Deuxième temps. Le propriétaire dit au métayer : « Ecoutez je n’ai pas de place chez moi pour tout ce foin. Allez vendre ça au marché et vous me donnerez 10 % de ce que ça vous aura rapporté ». Le métayer vend sa récolte et revient avec un paquet de billets dans sa poche : il a transformé sa récolte en monnaie : le paquet dans sa poche représente toujours – comme la moisson qu’il a vendue – travail + soleil.
Troisième temps. Le propriétaire dit au métayer : « Ecoutez je n’ai pas le temps de m’occuper de vérifier ce que vous gagnez à la fin de l’année. Je reçois parfois plus et parfois moins, en fonction de votre récolte. J’aimerais mieux qu’on regarde ce que vous m’avez versé, disons au cours des cinq dernières années, qu’on fasse la moyenne et que vous me versiez cela désormais comme un fixe ! » Le système a désormais changé : on est passé d’une logique de métayage à une logique de location. Du point de vue de la récolte, le propriétaire recevra parfois (travail + soleil) / 11, parfois (travail + soleil) / 9, etc.

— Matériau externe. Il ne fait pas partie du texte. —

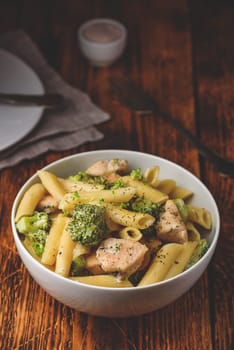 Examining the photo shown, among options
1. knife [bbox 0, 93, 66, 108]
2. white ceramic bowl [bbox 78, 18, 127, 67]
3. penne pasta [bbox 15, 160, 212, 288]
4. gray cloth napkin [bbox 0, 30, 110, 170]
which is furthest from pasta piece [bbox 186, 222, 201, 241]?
white ceramic bowl [bbox 78, 18, 127, 67]

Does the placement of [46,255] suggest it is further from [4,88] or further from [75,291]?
[4,88]

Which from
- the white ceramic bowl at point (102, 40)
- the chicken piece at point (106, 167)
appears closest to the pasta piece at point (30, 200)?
the chicken piece at point (106, 167)

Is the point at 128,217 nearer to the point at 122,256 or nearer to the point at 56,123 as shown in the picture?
the point at 122,256

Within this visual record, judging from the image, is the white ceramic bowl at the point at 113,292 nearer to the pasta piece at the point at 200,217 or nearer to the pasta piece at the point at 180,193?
the pasta piece at the point at 200,217

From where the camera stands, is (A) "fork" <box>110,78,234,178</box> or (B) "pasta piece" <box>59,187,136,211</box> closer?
(B) "pasta piece" <box>59,187,136,211</box>

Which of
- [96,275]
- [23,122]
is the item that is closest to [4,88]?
[23,122]

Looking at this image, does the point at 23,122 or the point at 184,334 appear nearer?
the point at 184,334

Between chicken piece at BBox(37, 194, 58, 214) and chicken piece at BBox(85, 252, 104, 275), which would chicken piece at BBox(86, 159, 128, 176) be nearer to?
chicken piece at BBox(37, 194, 58, 214)

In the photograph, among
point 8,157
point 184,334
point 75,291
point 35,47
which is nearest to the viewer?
point 75,291
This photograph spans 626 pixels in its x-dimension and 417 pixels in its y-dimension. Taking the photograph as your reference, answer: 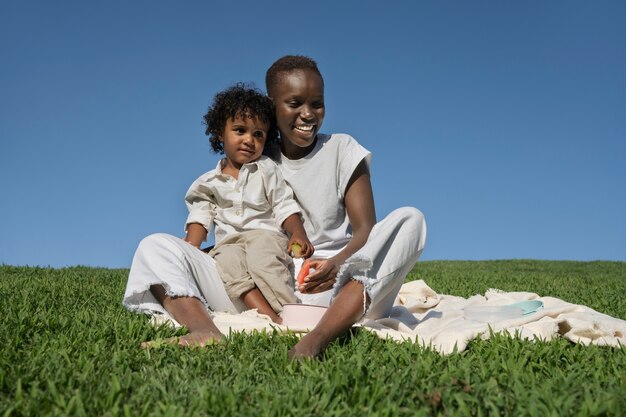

Dans le cas de la location, où le loyer est cette fois un fixe, il est alors plus simple d’utiliser comme étalon la valeur des avances plutôt que celle du surplus. On dira alors que le loyer est, disons, (avances) / 20. Soit, traduit en termes de taux d’intérêt : 5 % par an. Inversement, si l’on voulait exprimer l’ancienne « part » par rapport aux avances, selon la récolte, la part serait parfois de 6 %, parfois de 4 %, etc. Ce qui n’aurait pas changé, ce serait le fait que ces 6 %, ces 4 %, sont toujours ponctionnés de la même manière sur travail + soleil.
Quatrième temps : intermédiation. Le propriétaire demande à un intermédiaire de collecter le loyer du métayer. Celui–ci verse les intérêts à cet intermédiaire, que j’appellerai pour la commodité « banquier ». La source des versements, c’est toujours travail + soleil. Le banquier se rémunère au passage : le métayer lui verse 5,5 % et il reverse 4,5 % au propriétaire, conservant 1 % pour lui.
Bon, une remarque : oui, pour que cela fonctionne comme un système « généralisé », il faudrait que de la masse monétaire soit créée pour refléter la création du surplus – encore appelé « croissance » – et éliminée pour refléter sa destruction par l’usure, etc. Il y aurait « décroissance » quand le bilan entre création et destruction est négatif.
Ma question : y a–t–il « scandale » dans mon illustration ? Si oui, réside–t–il entièrement dans le rapport de force inégal au départ entre le propriétaire et le métayer (qu’on pourrait alors appeler « prolétaire » pour emprunter à un vocabulaire connu) ? Si la réponse à cette question est oui, le problème peut être entièrement reformulé dans les termes de Jean–Jacques Rousseau :
« Le premier qui, ayant enclos un terrain, s’avisa de dire « Ceci est à moi », et trouva des gens assez simples pour le croire, fut le vrai fondateur de la société civile. Que de crimes, de guerres, de meurtres, que de misères et d’horreurs n’eût point épargnés au genre humain celui qui, arrachant les pieux ou comblant le fossé, eût crié à ses semblables : « Gardez-vous d’écouter cet imposteur ; vous êtes perdus, si vous oubliez que les fruits sont à tous, et que la terre n’est à personne » ».
S’il y a scandale, et s’il est ailleurs, il faudrait m’expliquer où.
5 réponses à “Monnaie – intérêt – croissance”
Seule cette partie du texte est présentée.